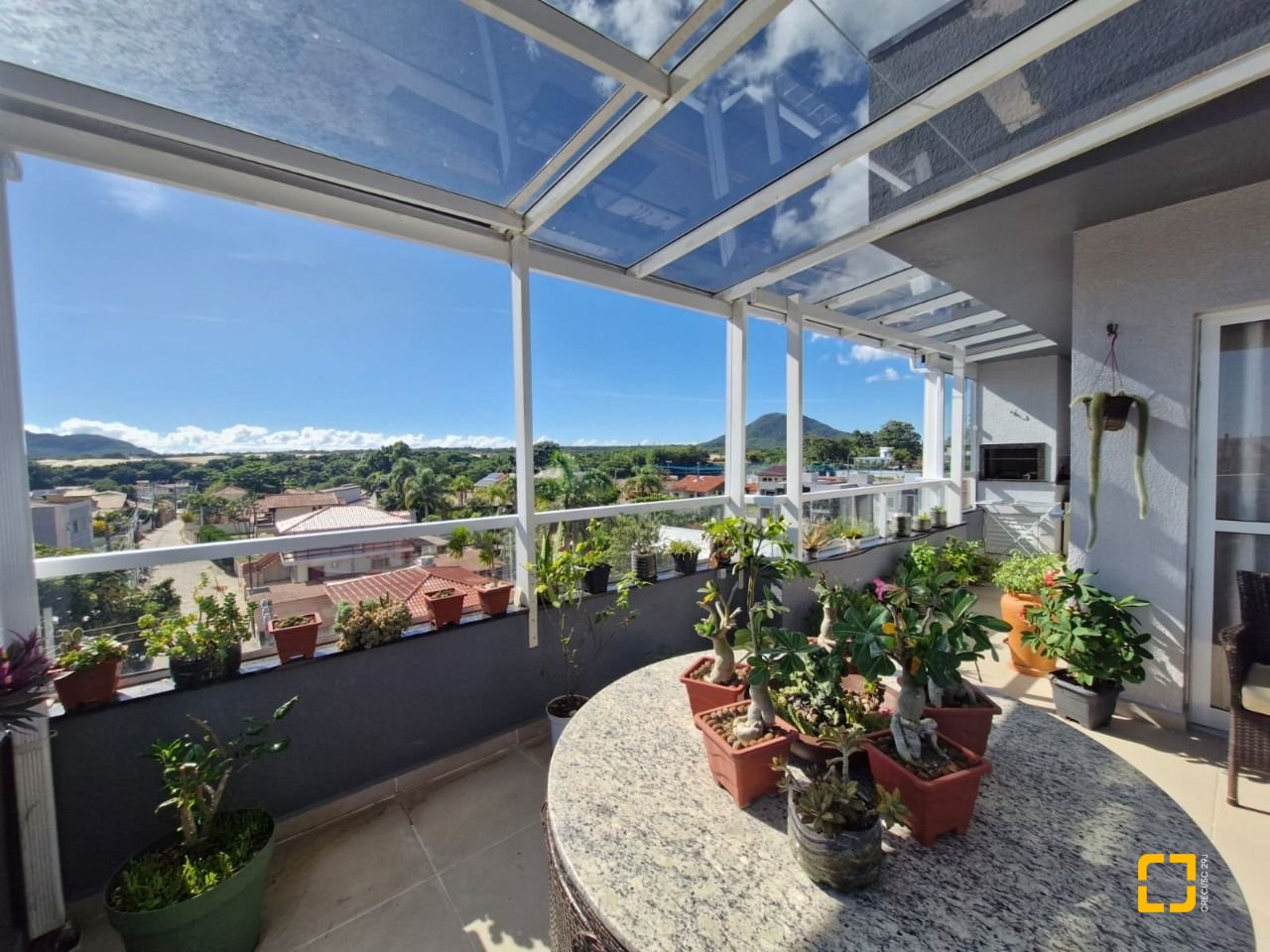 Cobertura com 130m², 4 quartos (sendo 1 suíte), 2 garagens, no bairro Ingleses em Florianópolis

- - -

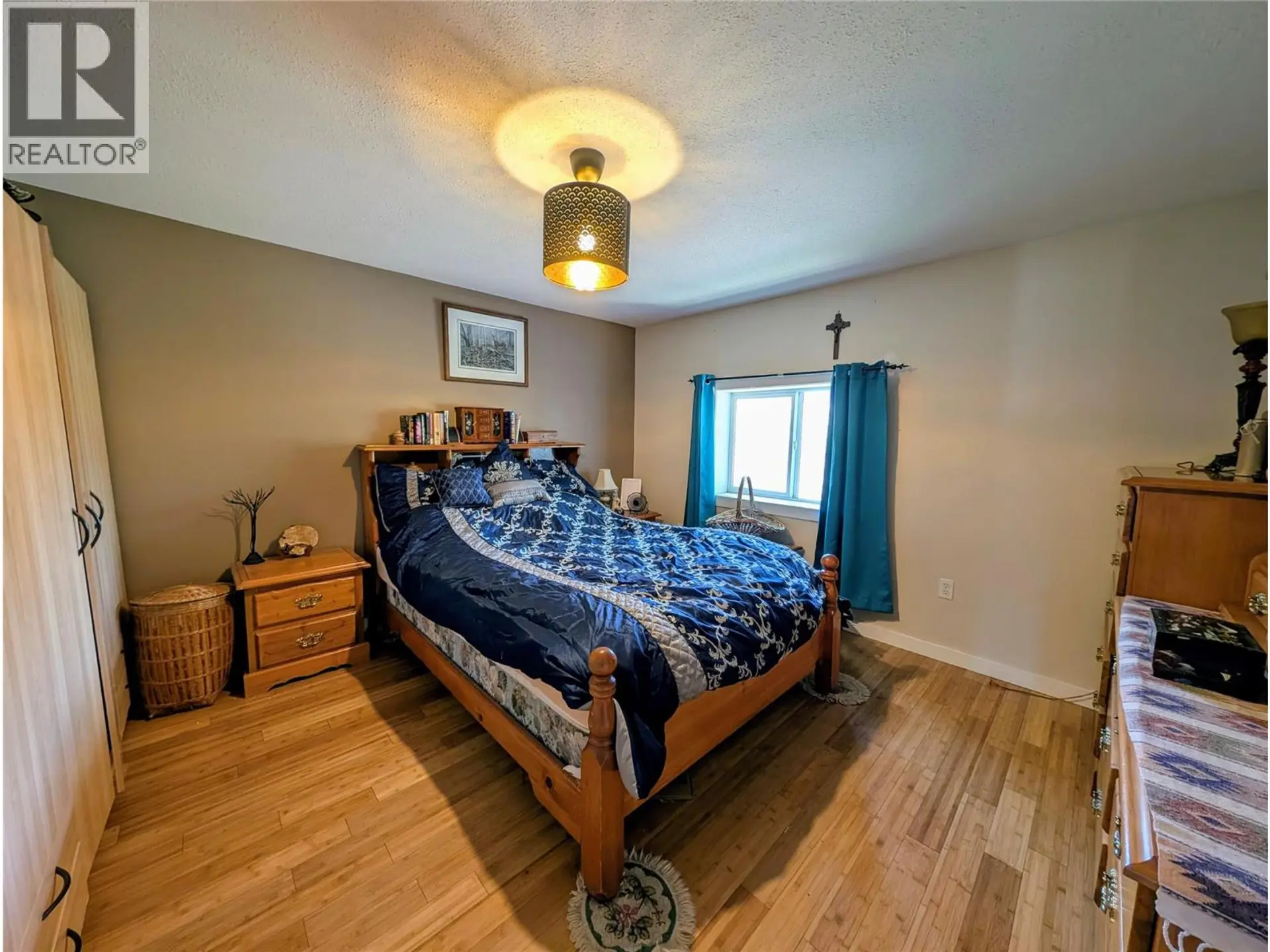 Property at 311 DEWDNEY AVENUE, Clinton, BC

- - -

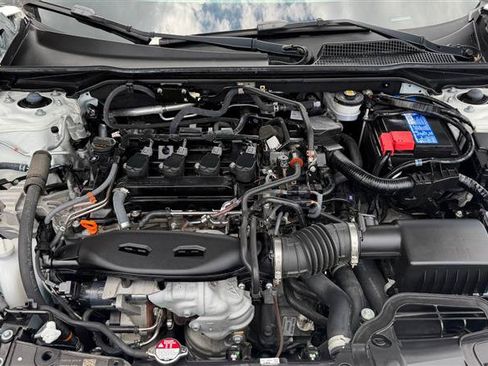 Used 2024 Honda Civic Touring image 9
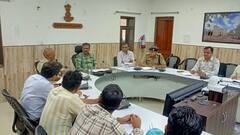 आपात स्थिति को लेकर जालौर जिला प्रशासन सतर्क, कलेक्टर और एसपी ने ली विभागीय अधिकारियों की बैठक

- - -

THE TASK:
Everything from the line above that contains "Used 2024 Honda Civic Touring image 9" down to the line that contains "आपात स्थिति को" must be reproduced exactly, both ends included. Omit the pictures.

EXERCISE ANSWER:
 Used 2024 Honda Civic Touring image 9
 आपात स्थिति को लेकर जालौर जिला प्रशासन सतर्क, कलेक्टर और एसपी ने ली विभागीय अधिकारियों की बैठक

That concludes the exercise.